WHAT THIS TASK INVOLVES>
I'd like every line in the following listing that holds "from" copied.

Top of EXERCISE DATA

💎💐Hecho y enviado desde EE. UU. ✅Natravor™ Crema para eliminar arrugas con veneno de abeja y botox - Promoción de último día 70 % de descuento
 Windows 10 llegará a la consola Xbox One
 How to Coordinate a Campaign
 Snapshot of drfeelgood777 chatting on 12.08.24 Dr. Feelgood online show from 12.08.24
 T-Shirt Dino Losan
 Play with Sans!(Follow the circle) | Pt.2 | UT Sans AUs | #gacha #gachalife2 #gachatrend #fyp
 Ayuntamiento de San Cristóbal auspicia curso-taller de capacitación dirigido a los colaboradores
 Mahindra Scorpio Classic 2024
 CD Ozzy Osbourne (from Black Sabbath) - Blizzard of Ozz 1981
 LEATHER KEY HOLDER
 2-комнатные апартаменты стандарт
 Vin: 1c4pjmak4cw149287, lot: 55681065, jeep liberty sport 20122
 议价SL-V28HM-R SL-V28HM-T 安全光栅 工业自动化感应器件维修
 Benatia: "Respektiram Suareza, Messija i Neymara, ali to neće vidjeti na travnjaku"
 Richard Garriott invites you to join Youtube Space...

Bottom of EXERCISE DATA

ANSWER SECTION>
 Snapshot of drfeelgood777 chatting on 12.08.24 Dr. Feelgood online show from 12.08.24
 CD Ozzy Osbourne (from Black Sabbath) - Blizzard of Ozz 1981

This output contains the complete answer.